Every line from the line containing "國外木工高手制作的電木銑仿形機開榫機組圖,關鍵還是木質(zhì)結構的" through the end of the data is to be reproduced exactly, excluding pictures.
-------- INPUT DATA --------
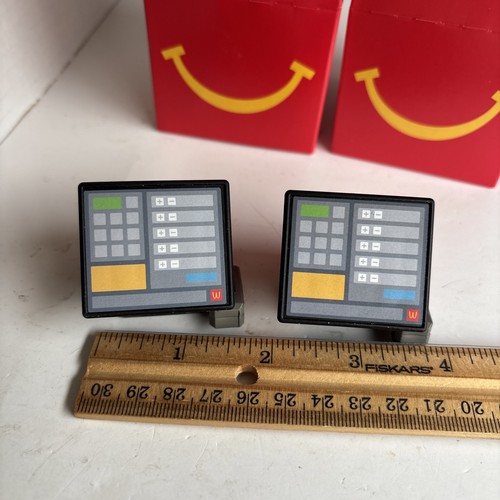 2 Registratori di Cassa Lil McDonald’s 2025 Nuovo Happy Meal Giocattolo Due - Foto 2 di 8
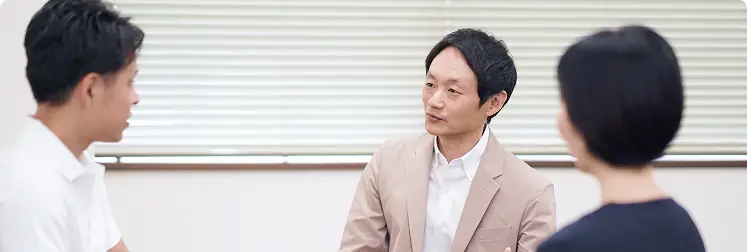 3人が対話しているメンタルサポートの面談風景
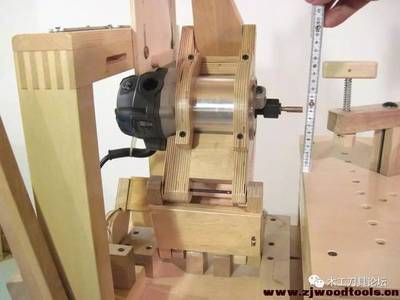 國外木工高手制作的電木銑仿形機開榫機組圖,關鍵還是木質(zhì)結構的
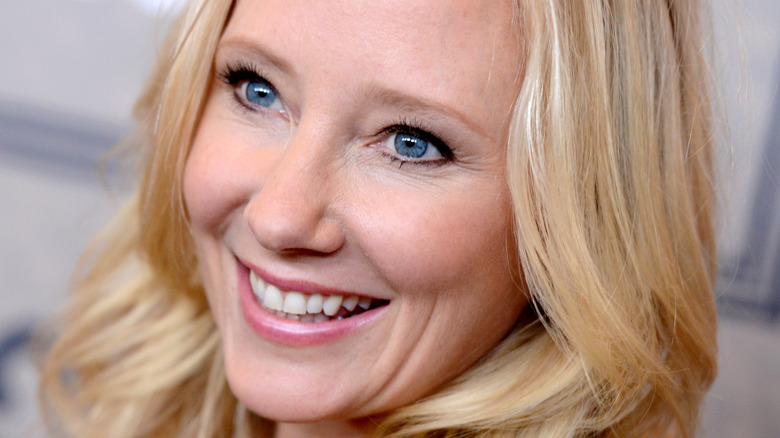 Anne Heche smiling at event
--------
## RESPONSE FOR THIS EXERCISE
 國外木工高手制作的電木銑仿形機開榫機組圖,關鍵還是木質(zhì)結構的
 Anne Heche smiling at event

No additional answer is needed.